One reason that the United States has been hospitable to Jews—and Muslims and Sikhs and other minority religions—is that the Bill of Rights not only separates Church from State, but forbids government from making decisions that are properly left to individual citizens. As I tell my students, the Bill of Rights is essentially a list of things that government doesn’t get to decide. The American constitution and legal system are based upon respect for personal autonomy and the primacy of the individual conscience—not upon conformance with majoritarian religious beliefs. I don’t think it is an accident that so many of the “family values” politicians who seem intent upon keeping women barefoot and pregnant are also anti-Semites who insist that the United States is a Christian nation.
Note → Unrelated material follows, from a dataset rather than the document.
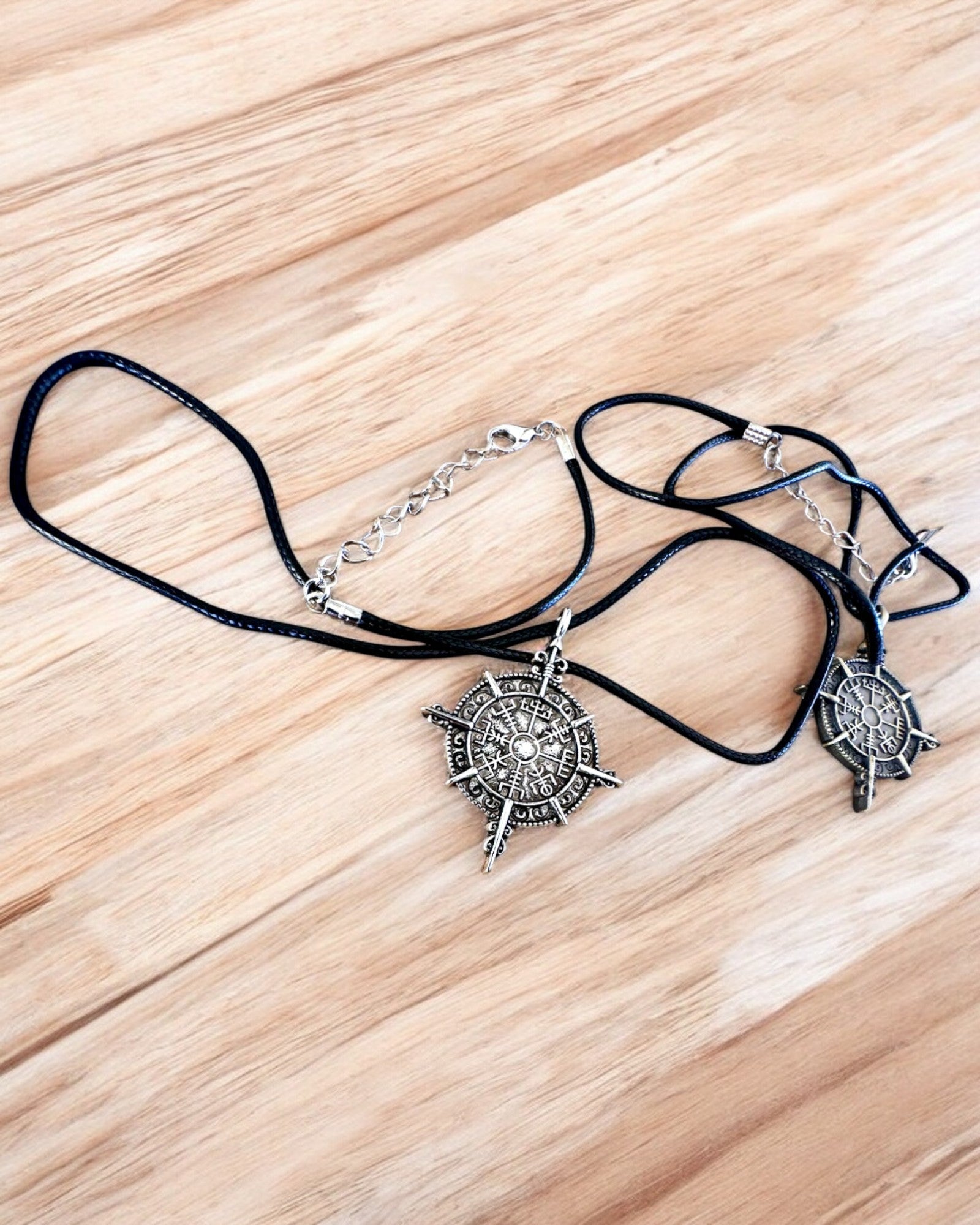Amulett "Wojownik Północy" - Wikingerkompass, personalisierbar mit Gravur als Geschenk, 2 Varianten zur Auswahl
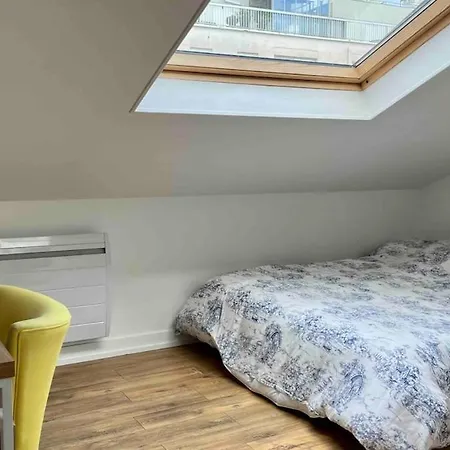 Large, Quiet, Family-friendly Floor Duplex Lägenhet *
Opponents of measures requiring equal pay for equal work, pundits who excuse predatory sexual behavior in the workplace (or by the occupant of the Oval Office), voters who reject female candidates for public office simply because they are female, and the politicians and public figures who talk about “making America great” like in the “good old days”—want to take us back to a time when women’s voices were discounted and our aspirations ignored. They want to go back to the “good old days” when women were second-class citizens—a time when being a straight white Christian male conferred automatic social dominance.
I lived through those “good old days.” They are the days I described at the beginning of this talk. They aren’t the reality I want my granddaughters—or my grandsons—to inhabit. We all deserve better.
Thank you.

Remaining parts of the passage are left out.